Meanwhile, to coin a phrase, don't you know there's a war on? A war which, aside from costing thousands of US lives and hundreds of billions of dollars, was conceived in deceit, nurtured with lies, and midwifed by stone cold killers. That, unsurprisingly, is my red line issue. Hillary was, is, and will be on the wrong side of that issue for the foreseeable future, if her performance at the latest State of the Union is any indication. This is really as simple as it gets. Paul Krugman wants health care, fine: where's the money going to come from if we keep throwing money in the fire of burning MRAPs? Hillary's supporters say she's only "running" as the hawk candidate because, as a woman, she has to. But play that out -- she needs to win the general election, too, meaning that she'll have to out-hawk McCain. (If possible!) Then she'll need to run for re-election, so she'll actually have to be a hawk President, if she wins. Then her VP will need to win, too, so the hawkiness continues.

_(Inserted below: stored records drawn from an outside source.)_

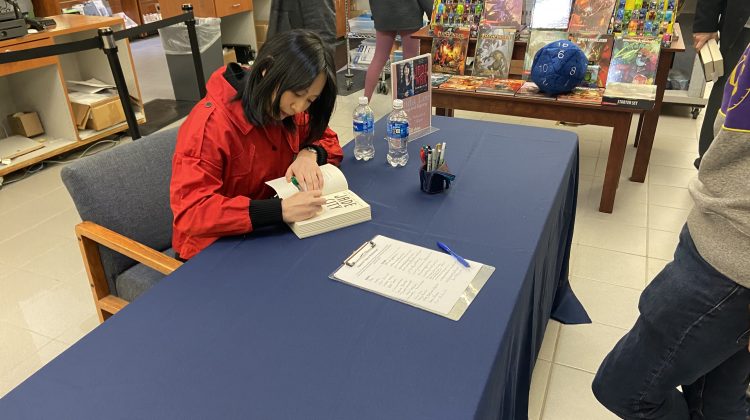 Novelist Fonda Lee signing a book on a blue table wearing a red coat.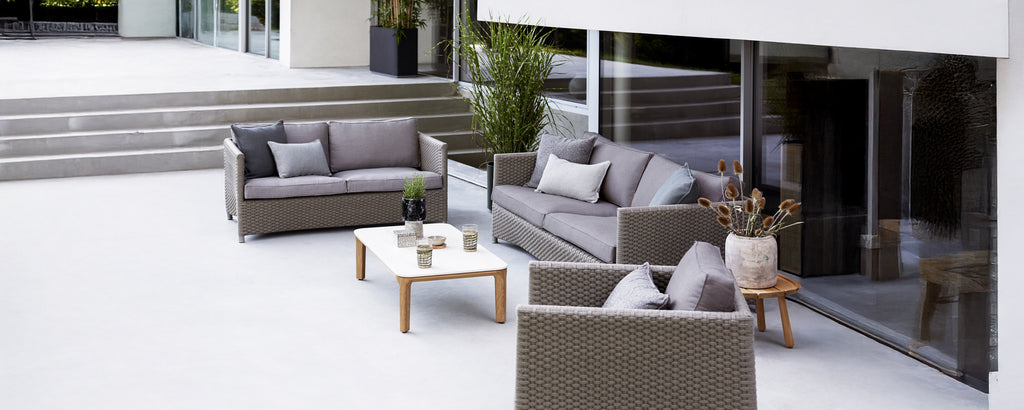 Moderne utendørs loungeoppsett med grå sofa, lenestol og hvit bord.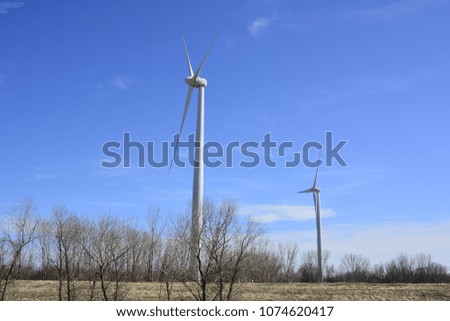 Two windmills making electricity on a beautiful blue sky spring day with some trees in the foreground and a few scattered clouds. 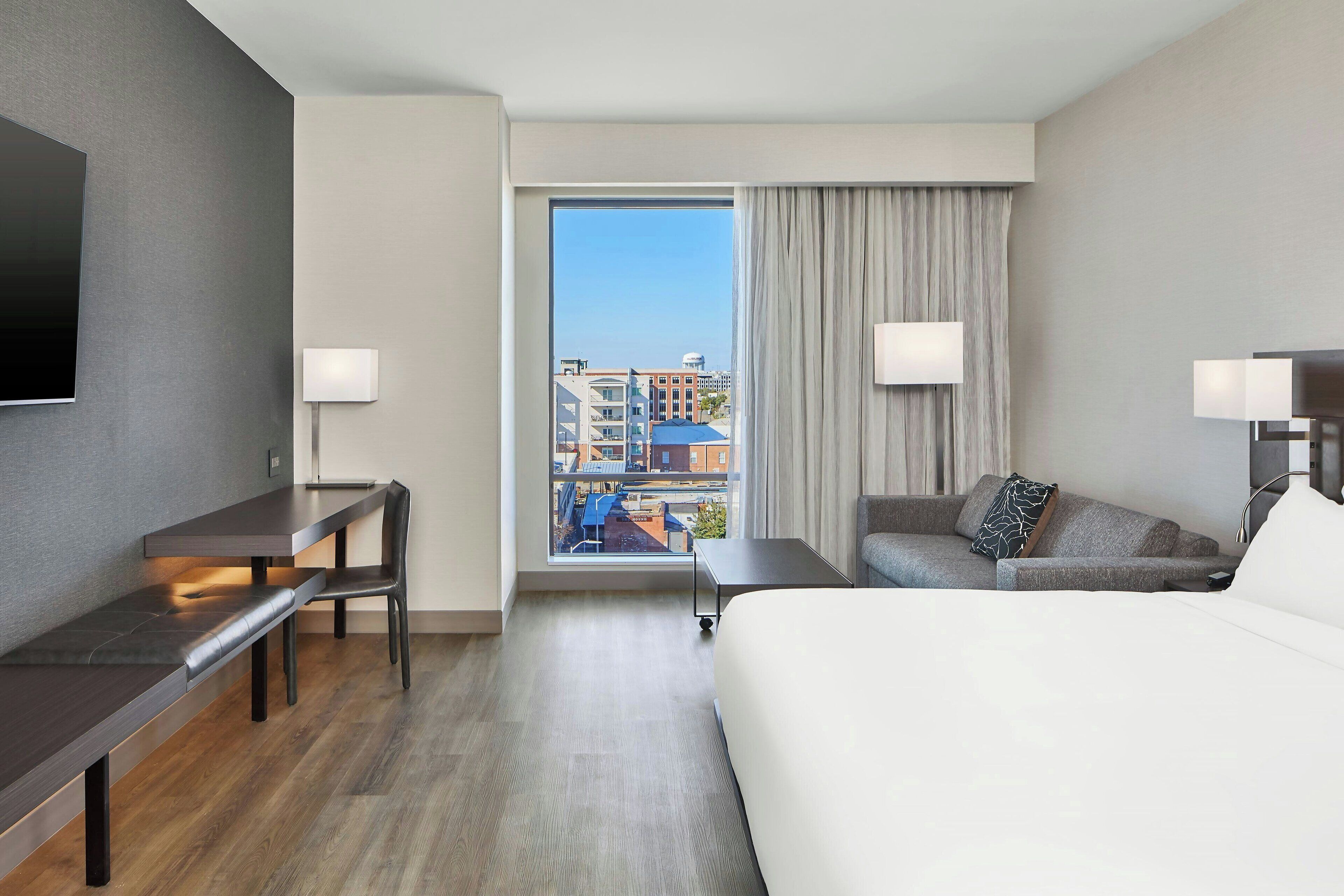 A modern hotel room with a large bed, a desk, a chair, and a sofa. There is a large window with a view of buildings and a water tower.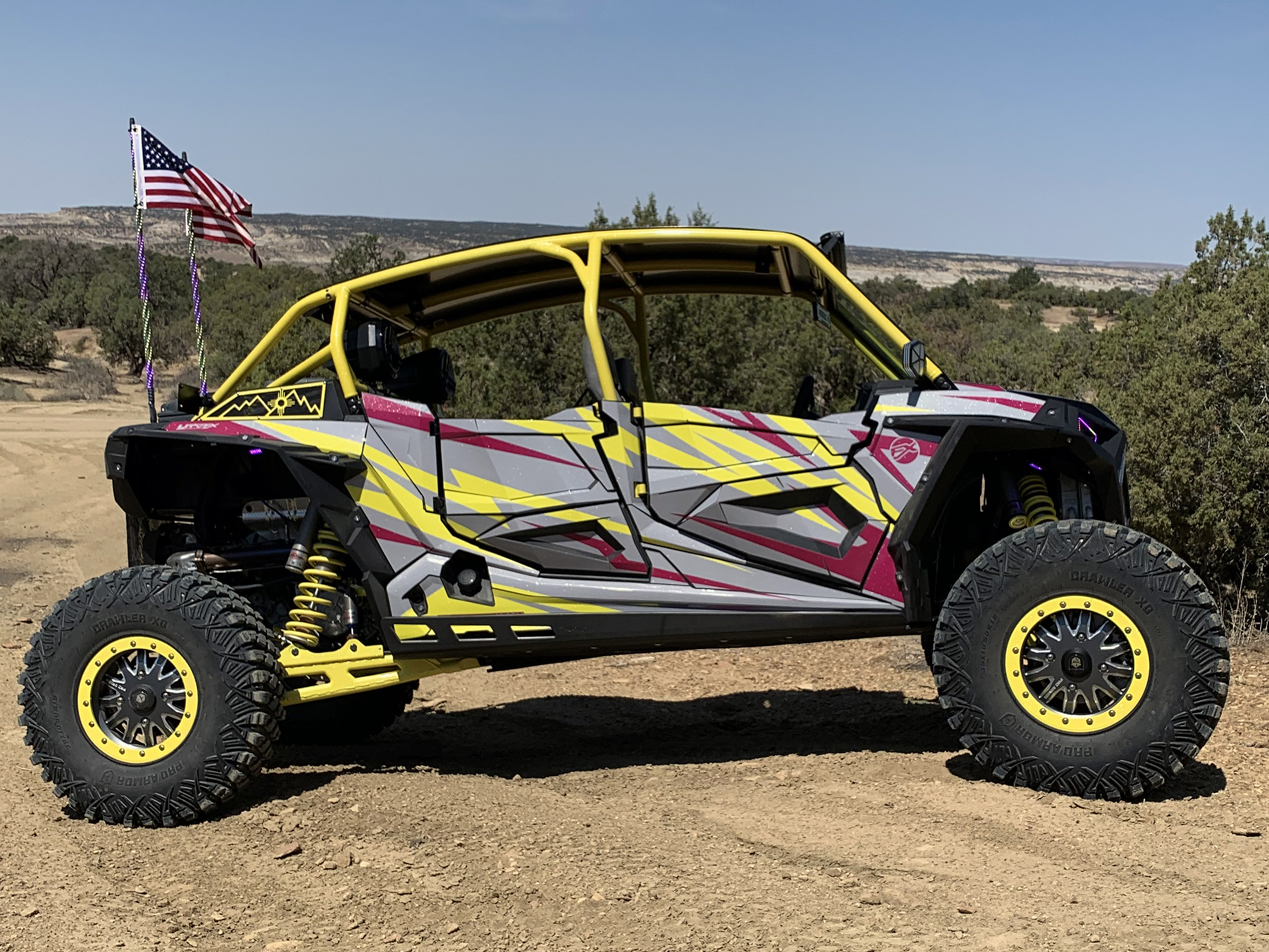 A Polaris RZR XP 4 Door 2018+ side-by-side with a gray, lime squeeze, and burgundy stripes Evolution custom vinyl wrap.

Or, you can choose not to play the game at all -- repudiate this war, and all wars of aggression. As Ackerman says:
Obama is the only candidate the marry strength and justice and wisdom. His foreign policy starts with ending the most disastrous national-security mistake in recent American history; and then it proceeds to undo its deep-seated ideological foundations. When faced with that prospect, especially from the most electable candidate in the race, nothing else will do.
I agree with Krugman's arguments that Obama has actually undermined the case for some needed reforms, and I wish he hadn't. But there are some issues bigger than health care, and the war is one if there ever was. If it ends, progress on health care, the environment, the economy all becomes possible. Keep it going, or start new ones, and we'll be stuck where we are, forever.

1 comment:

Steve Muhlberger said...

What I remember about HRC is that when the constitution was being gutted she was making hard-hitting speeches about violent video games.